▶ [WHAT IS REQUIRED]:
Would you please transcribe the listing exactly, with no images?

┄┄┄┄┄┄

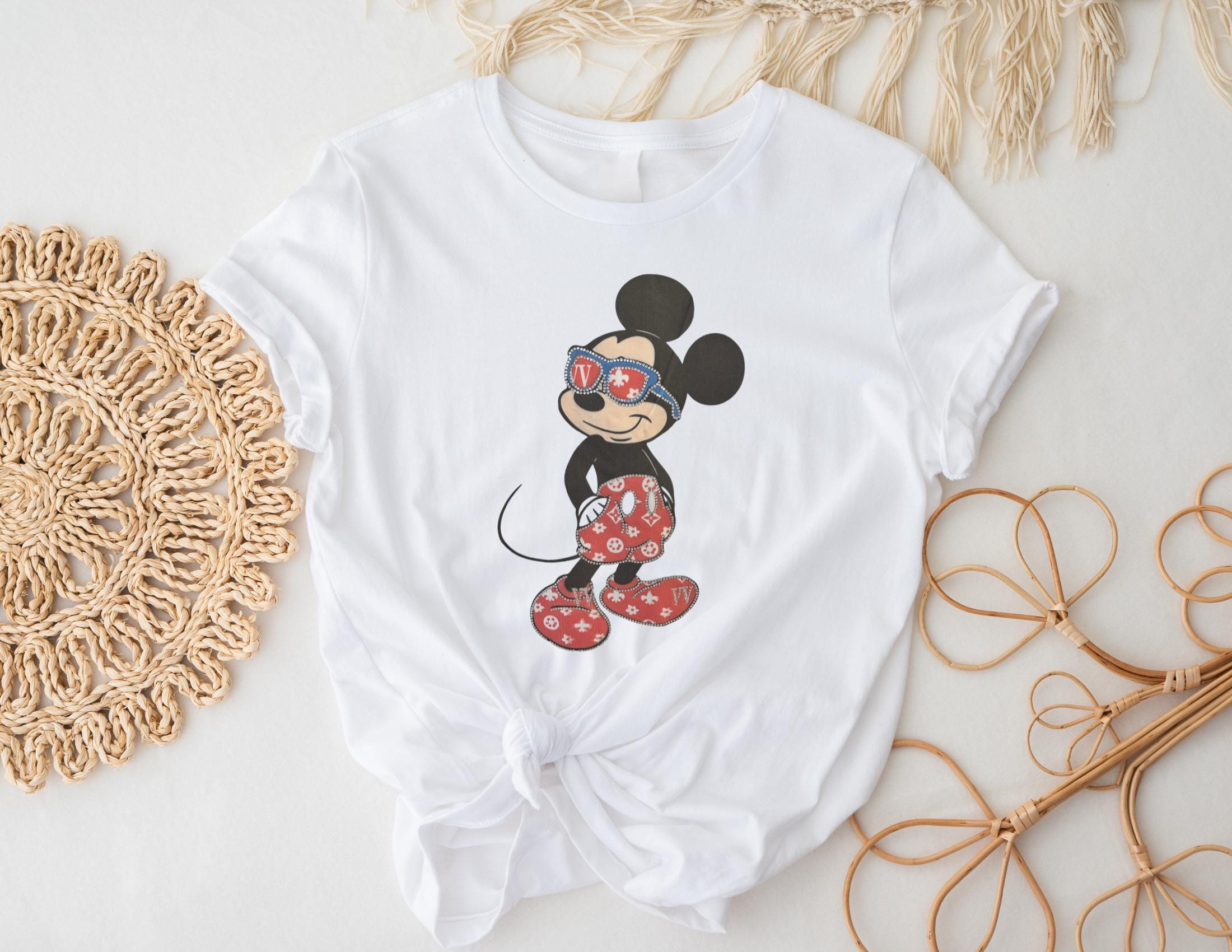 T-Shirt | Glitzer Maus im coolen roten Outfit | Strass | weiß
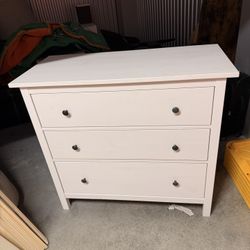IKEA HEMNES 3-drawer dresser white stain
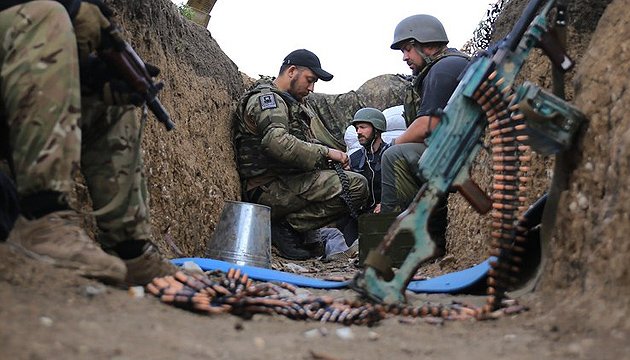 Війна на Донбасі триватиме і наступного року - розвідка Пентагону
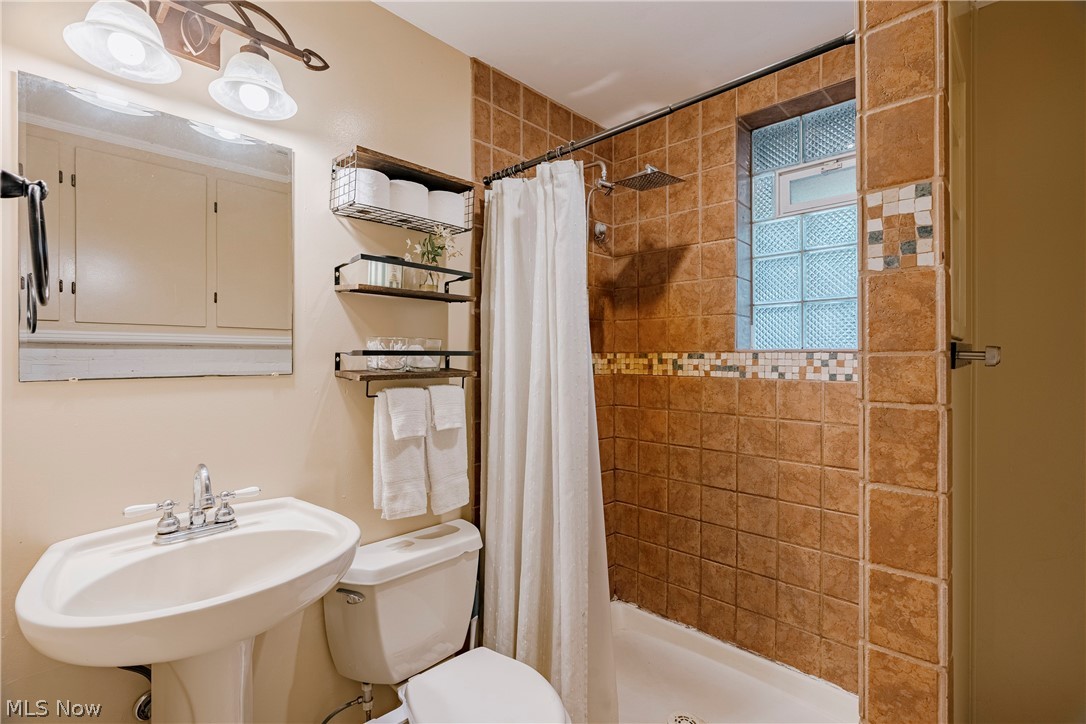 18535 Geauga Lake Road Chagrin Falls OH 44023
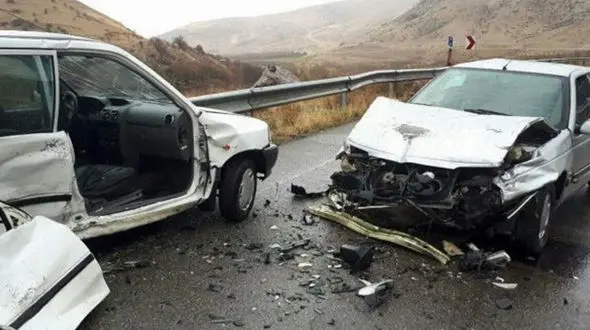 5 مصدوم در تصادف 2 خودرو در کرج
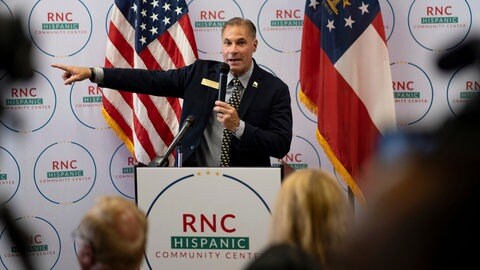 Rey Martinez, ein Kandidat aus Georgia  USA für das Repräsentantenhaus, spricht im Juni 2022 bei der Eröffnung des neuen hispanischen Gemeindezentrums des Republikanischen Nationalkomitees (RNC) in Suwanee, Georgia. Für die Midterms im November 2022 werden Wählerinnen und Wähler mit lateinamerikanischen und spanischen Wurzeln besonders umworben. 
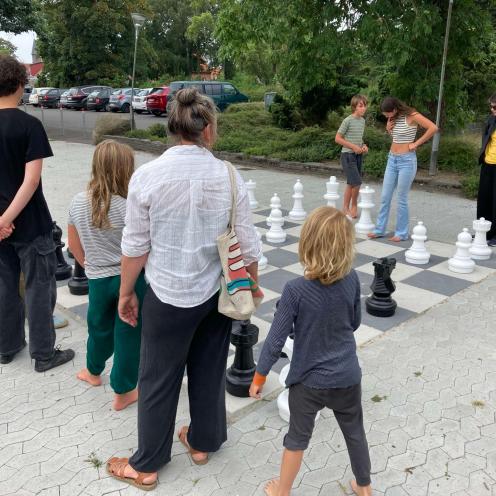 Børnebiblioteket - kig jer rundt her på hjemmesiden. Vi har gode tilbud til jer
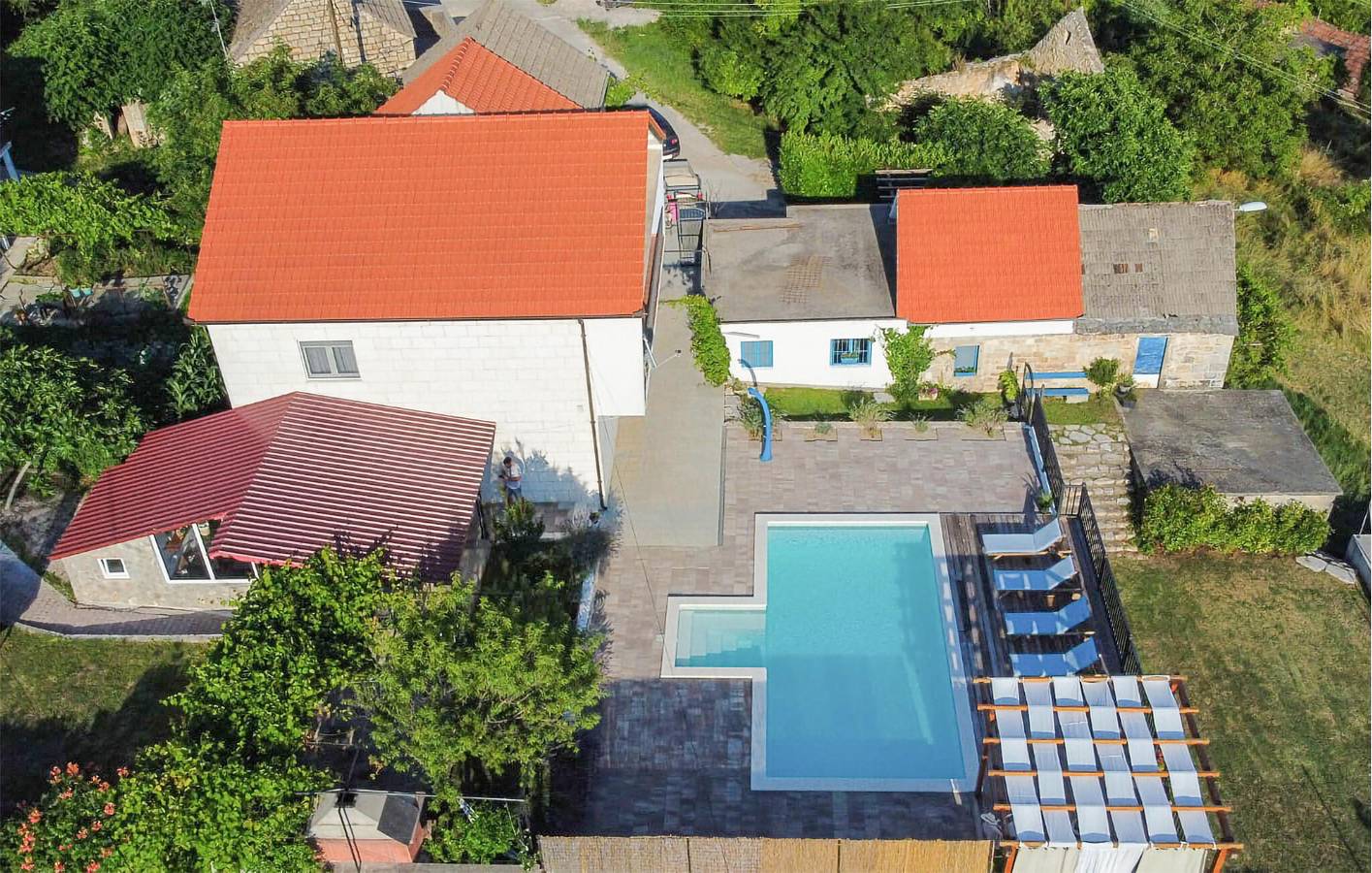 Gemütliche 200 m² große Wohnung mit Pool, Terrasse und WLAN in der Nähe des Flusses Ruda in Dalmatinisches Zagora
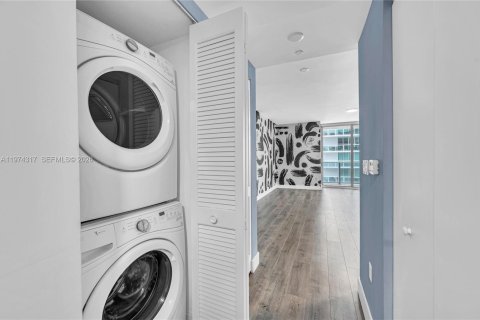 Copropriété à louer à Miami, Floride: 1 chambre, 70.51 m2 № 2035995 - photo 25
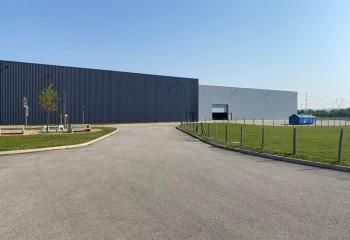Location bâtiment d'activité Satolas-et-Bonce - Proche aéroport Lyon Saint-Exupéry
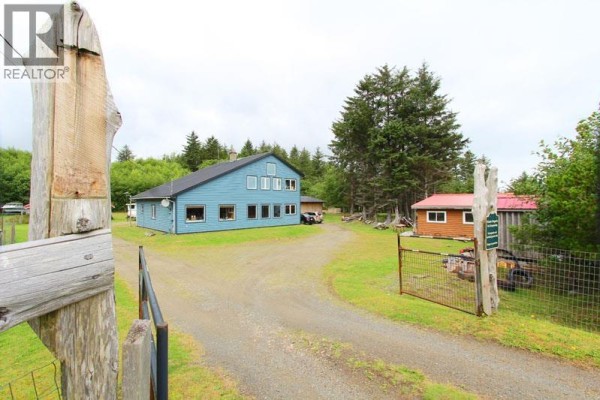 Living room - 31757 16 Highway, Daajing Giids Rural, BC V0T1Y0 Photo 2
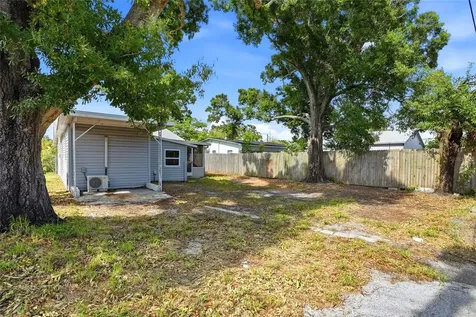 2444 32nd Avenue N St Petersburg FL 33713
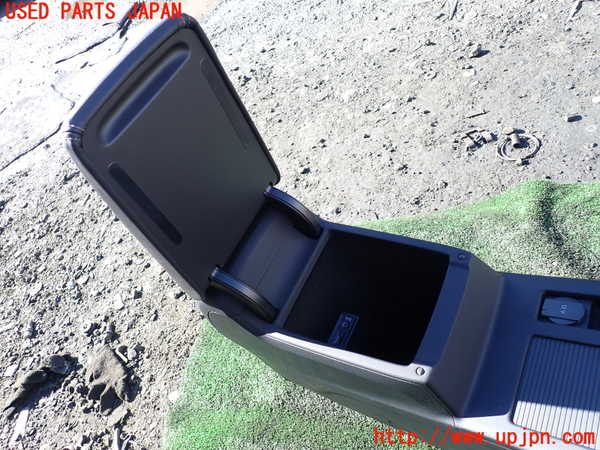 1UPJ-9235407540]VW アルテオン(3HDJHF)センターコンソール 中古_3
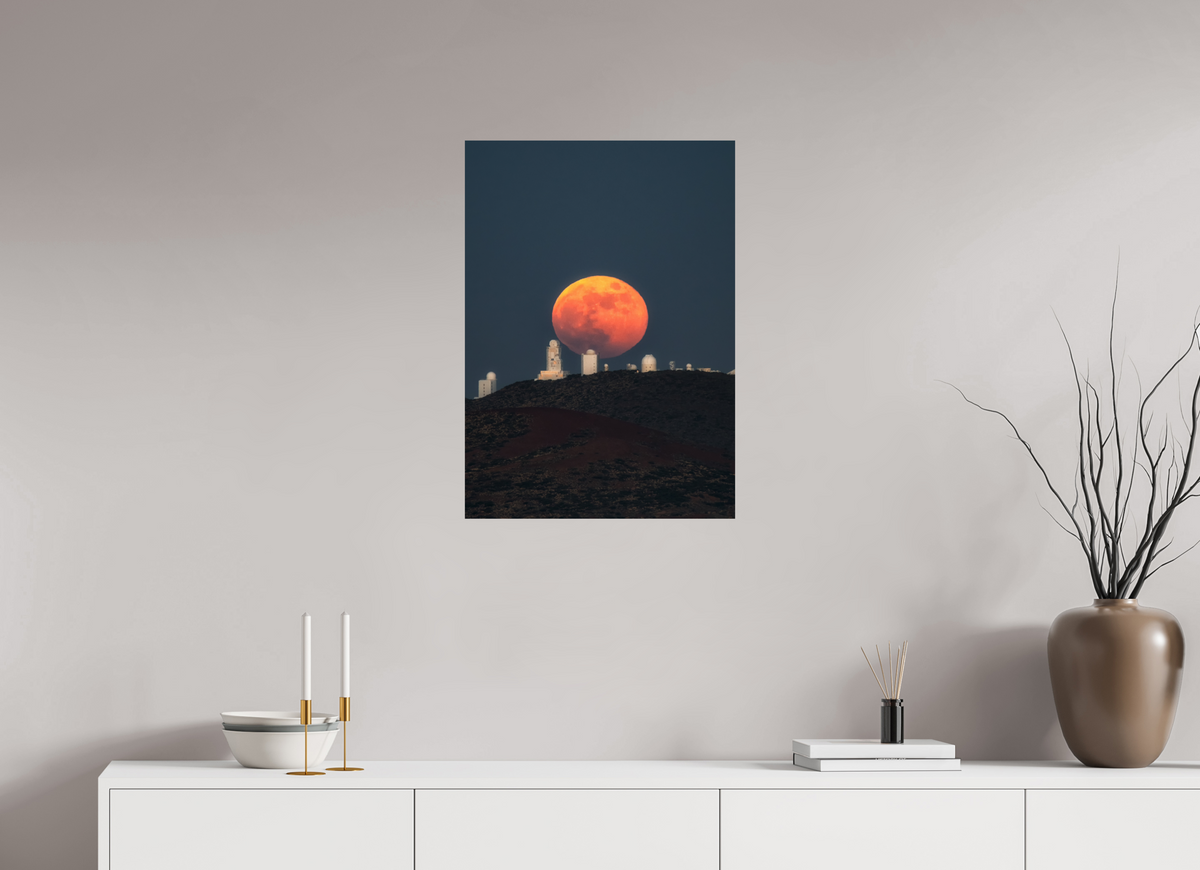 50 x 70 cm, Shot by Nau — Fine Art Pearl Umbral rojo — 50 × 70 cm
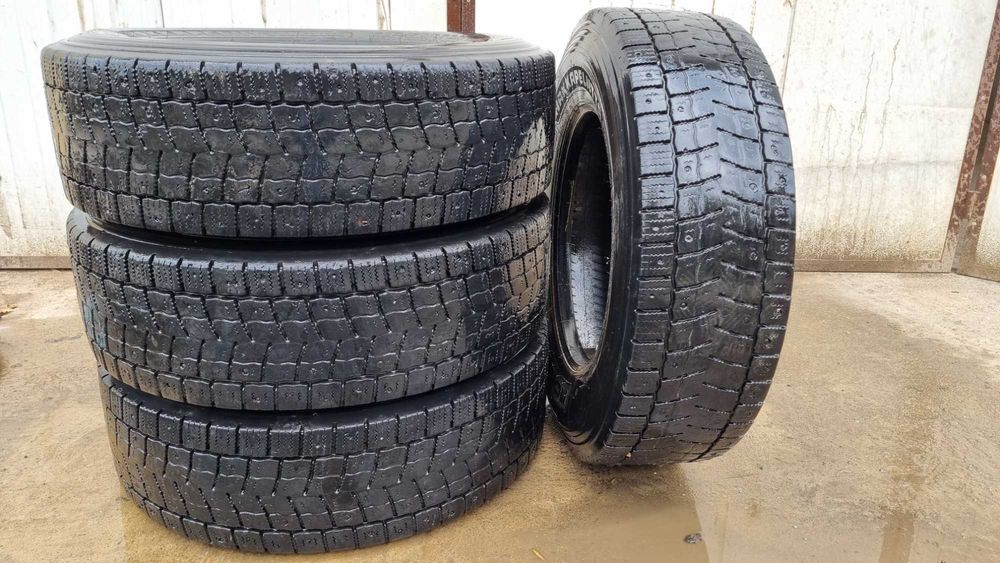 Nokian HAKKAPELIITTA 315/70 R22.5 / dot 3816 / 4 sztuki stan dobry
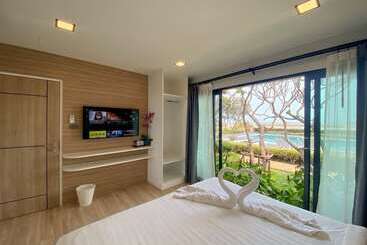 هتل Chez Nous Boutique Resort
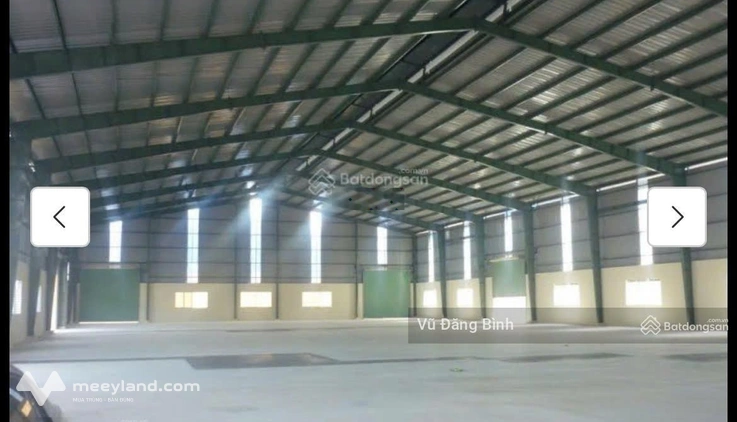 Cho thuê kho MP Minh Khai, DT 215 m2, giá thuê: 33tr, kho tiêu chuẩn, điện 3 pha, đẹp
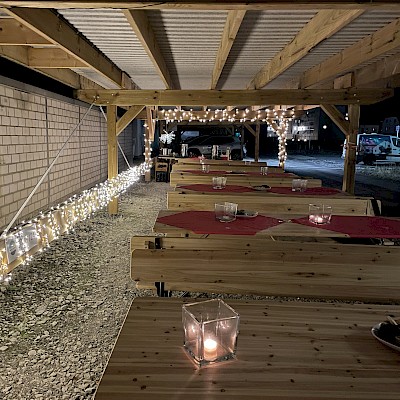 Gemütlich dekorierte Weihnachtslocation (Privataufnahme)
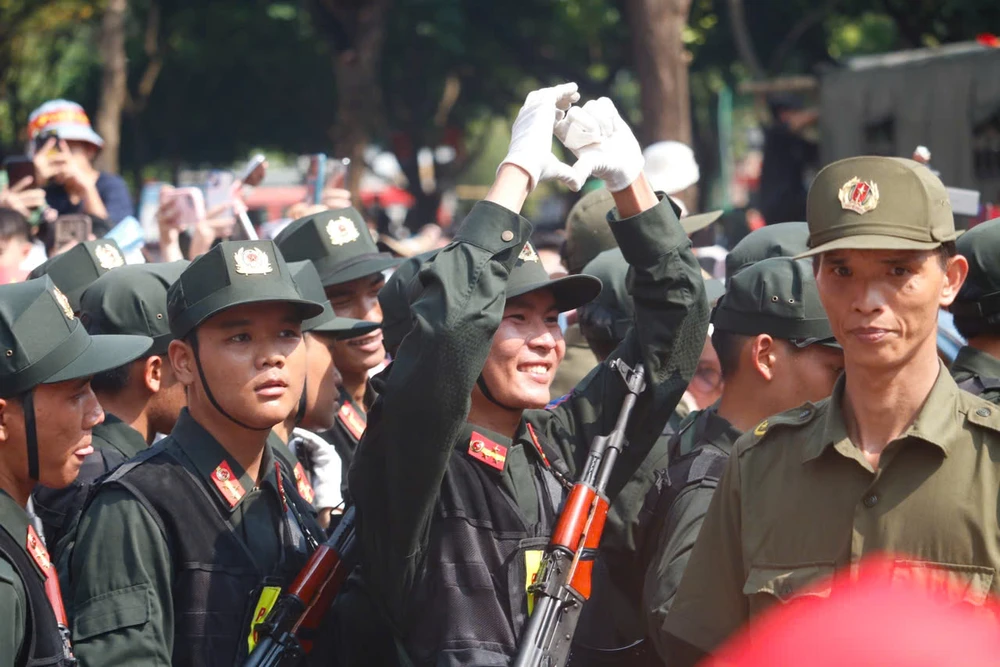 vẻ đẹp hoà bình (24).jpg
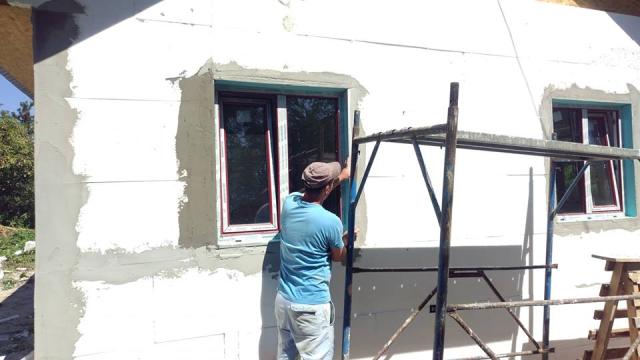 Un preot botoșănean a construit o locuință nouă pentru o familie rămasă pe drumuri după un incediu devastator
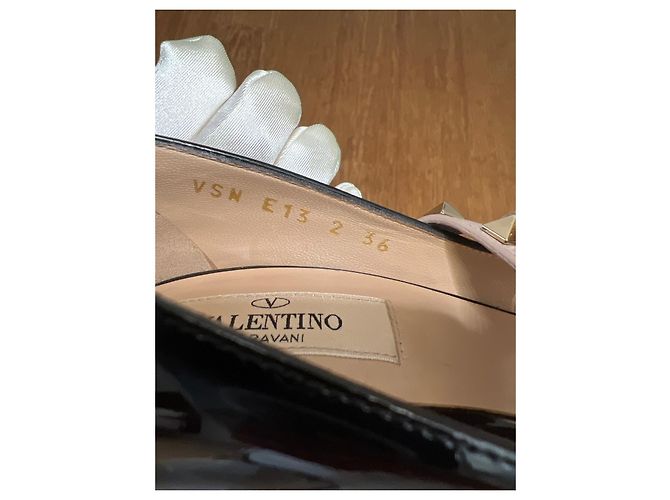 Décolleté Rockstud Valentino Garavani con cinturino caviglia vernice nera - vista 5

┄┄┄┄┄┄

▶ [EXERCISE SOLUTION]:
 T-Shirt | Glitzer Maus im coolen roten Outfit | Strass | weiß
IKEA HEMNES 3-drawer dresser white stain
 Війна на Донбасі триватиме і наступного року - розвідка Пентагону
 18535 Geauga Lake Road Chagrin Falls OH 44023
 5 مصدوم در تصادف 2 خودرو در کرج
 Rey Martinez, ein Kandidat aus Georgia  USA für das Repräsentantenhaus, spricht im Juni 2022 bei der Eröffnung des neuen hispanischen Gemeindezentrums des Republikanischen Nationalkomitees (RNC) in Suwanee, Georgia. Für die Midterms im November 2022 werden Wählerinnen und Wähler mit lateinamerikanischen und spanischen Wurzeln besonders umworben. 
 Børnebiblioteket - kig jer rundt her på hjemmesiden. Vi har gode tilbud til jer
 Gemütliche 200 m² große Wohnung mit Pool, Terrasse und WLAN in der Nähe des Flusses Ruda in Dalmatinisches Zagora
 Copropriété à louer à Miami, Floride: 1 chambre, 70.51 m2 № 2035995 - photo 25
Location bâtiment d'activité Satolas-et-Bonce - Proche aéroport Lyon Saint-Exupéry
 Living room - 31757 16 Highway, Daajing Giids Rural, BC V0T1Y0 Photo 2
 2444 32nd Avenue N St Petersburg FL 33713
 1UPJ-9235407540]VW アルテオン(3HDJHF)センターコンソール 中古_3
 50 x 70 cm, Shot by Nau — Fine Art Pearl Umbral rojo — 50 × 70 cm
 Nokian HAKKAPELIITTA 315/70 R22.5 / dot 3816 / 4 sztuki stan dobry
 هتل Chez Nous Boutique Resort
 Cho thuê kho MP Minh Khai, DT 215 m2, giá thuê: 33tr, kho tiêu chuẩn, điện 3 pha, đẹp
 Gemütlich dekorierte Weihnachtslocation (Privataufnahme)
 vẻ đẹp hoà bình (24).jpg
 Un preot botoșănean a construit o locuință nouă pentru o familie rămasă pe drumuri după un incediu devastator
 Décolleté Rockstud Valentino Garavani con cinturino caviglia vernice nera - vista 5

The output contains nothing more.